Another Conspiracy Bites the Dust…

…because it turns out to be the truth.
The episode has been retold so many times in the last three and a half years that it has become the stuff of political legend: in the frenzied days after Sept. 11, 2001, when some flights were still grounded, dozens of well-connected Saudis, including relatives of Osama bin Laden, managed to leave the United States on specially chartered flights.

Now, newly released government records show previously undisclosed flights from Las Vegas and elsewhere and point to a more active role by the Federal Bureau of Investigation in aiding some of the Saudis in their departure.

The F.B.I. gave personal airport escorts to two prominent Saudi families who fled the United States, and several other Saudis were allowed to leave the country without first being interviewed, the documents show.

[…]

The documents were obtained through a Freedom of Information Act lawsuit against the Justice Department by Judicial Watch, a conservative legal group, which provided copies to The New York Times.

[…]

The debate was heightened by the filmmaker Michael Moore, who scrutinized the issue in "Fahrenheit 9/11," but White House officials have adamantly denied any special treatment for the Saudis, calling such charges irresponsible and politically motivated.

The Sept. 11 commission examined the Saudi flights in its final report last year, and it found that no Saudis had been allowed to leave before national airspace was reopened on Sept. 13, 2001; that there was no evidence of "political intervention" by the White House; and that the F.B.I. had done a "satisfactory screening" of the departing Saudis to ensure they did not have information relevant to the attacks.

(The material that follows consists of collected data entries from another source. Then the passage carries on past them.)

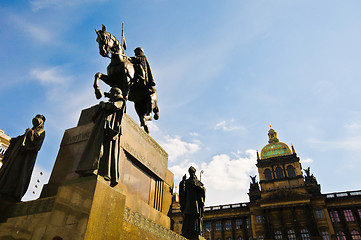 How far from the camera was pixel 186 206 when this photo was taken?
8.39m

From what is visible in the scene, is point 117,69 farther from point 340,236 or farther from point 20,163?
point 340,236

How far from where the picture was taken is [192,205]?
27.5 feet

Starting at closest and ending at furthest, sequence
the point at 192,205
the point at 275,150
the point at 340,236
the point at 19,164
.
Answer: the point at 19,164 < the point at 192,205 < the point at 340,236 < the point at 275,150

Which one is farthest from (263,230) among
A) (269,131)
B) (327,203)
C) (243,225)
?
(269,131)

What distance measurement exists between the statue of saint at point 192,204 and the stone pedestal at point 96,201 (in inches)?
31.8

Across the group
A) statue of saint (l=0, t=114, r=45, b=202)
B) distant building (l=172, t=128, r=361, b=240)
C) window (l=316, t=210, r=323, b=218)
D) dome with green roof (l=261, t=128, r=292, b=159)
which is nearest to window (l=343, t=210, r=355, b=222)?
distant building (l=172, t=128, r=361, b=240)

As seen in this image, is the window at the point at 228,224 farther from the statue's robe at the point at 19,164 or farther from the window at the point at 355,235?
the statue's robe at the point at 19,164

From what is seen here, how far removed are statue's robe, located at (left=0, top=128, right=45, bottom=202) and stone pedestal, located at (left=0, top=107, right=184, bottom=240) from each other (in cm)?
39

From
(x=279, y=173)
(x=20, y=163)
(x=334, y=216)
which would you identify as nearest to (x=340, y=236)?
(x=334, y=216)

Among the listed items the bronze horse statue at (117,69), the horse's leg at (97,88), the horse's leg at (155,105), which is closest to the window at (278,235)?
the horse's leg at (155,105)

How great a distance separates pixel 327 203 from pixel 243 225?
17.6 metres

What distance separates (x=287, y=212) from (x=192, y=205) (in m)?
51.1

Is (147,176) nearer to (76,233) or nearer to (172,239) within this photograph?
(172,239)

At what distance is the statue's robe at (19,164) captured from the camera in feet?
17.4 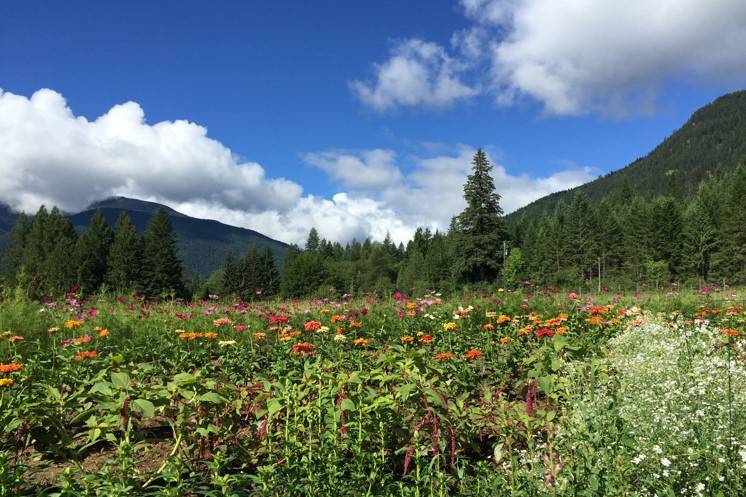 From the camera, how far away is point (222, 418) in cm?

The documents obtained by Judicial Watch, with major passages heavily deleted, do not appear to contradict directly any of those central findings, but they raise some new questions about the episode.

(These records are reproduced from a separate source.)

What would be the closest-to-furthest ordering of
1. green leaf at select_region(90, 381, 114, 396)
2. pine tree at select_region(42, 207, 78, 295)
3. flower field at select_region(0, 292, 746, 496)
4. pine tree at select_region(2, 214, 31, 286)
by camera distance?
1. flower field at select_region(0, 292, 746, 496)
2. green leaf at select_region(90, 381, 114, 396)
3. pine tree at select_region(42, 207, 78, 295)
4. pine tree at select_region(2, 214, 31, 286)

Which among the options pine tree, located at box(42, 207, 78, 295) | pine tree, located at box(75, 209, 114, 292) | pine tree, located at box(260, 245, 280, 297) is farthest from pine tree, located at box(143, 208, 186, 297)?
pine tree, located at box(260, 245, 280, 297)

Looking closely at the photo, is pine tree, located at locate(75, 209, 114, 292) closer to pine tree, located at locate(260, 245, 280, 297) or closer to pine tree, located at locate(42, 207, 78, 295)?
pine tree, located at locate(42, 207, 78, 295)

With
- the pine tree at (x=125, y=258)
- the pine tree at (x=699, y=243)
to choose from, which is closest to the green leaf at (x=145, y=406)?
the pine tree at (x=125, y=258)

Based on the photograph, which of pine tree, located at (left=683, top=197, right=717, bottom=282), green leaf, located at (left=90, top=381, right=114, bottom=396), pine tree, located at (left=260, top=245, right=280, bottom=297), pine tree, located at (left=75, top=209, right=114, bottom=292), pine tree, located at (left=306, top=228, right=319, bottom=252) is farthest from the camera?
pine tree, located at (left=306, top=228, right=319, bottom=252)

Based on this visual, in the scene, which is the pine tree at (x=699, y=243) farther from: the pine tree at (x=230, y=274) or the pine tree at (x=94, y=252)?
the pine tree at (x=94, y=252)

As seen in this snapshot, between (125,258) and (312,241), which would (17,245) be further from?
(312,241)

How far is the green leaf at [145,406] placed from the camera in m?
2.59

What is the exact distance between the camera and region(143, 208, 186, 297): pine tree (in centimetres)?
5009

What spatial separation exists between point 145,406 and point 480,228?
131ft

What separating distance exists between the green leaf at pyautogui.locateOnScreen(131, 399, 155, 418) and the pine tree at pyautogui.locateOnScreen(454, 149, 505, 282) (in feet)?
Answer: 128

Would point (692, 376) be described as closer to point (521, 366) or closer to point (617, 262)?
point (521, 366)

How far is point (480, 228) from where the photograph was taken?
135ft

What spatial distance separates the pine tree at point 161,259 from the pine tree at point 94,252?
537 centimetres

The F.B.I. records show, for instance, that prominent Saudi citizens left the United States on several flights that had not been previously disclosed in public accounts, including a chartered flight from Providence, R.I., on Sept. 14, 2001, that included at least one member of the Saudi royal family, and three flights from Las Vegas between Sept. 19 and Sept. 24, also carrying members of the Saudi royal family. The government began reopening airspace on Sept. 13, but many flights remained grounded for days afterward.

[…]

In several other cases, Saudi travelers were not interviewed before departing the country, and F.B.I. officials sought to determine how what seemed to be lapses had occurred, the documents show.

The F.B.I. documents left open the possibility that some departing Saudis had information relevant to the Sept. 11 investigation.

"Although the F.B.I. took all possible steps to prevent any individuals who were involved in or had knowledge of the 9/11/2001 attacks from leaving the U.S. before they could be interviewed," a 2003 memo said, "it is not possible to state conclusively that no such individuals left the U.S. without F.B.I. knowledge."

[…]

"From these documents, these look like they were courtesy chats, without the time that would have been needed for thorough debriefings," said Christopher J. Farrell, who is director of investigations for Judicial Watch and a former counterintelligence interrogator for the Army. "It seems as if the F.B.I. was more interested in achieving diplomatic success than investigative success."
The indomitable Senator Schumer has, of course, called for an investigation. It’s probably as likely to happen as the seemingly infinite number of GOP media shills who used the scene in Fahrenheit 9/11, in which it was suggested that the government helped Saudi nationals out of the country after only cursory interviews, to denounce Michael Moore as a lair and traitor, issuing him a well-deserved apology.

I won’t be holding my breath in anticipation of either one.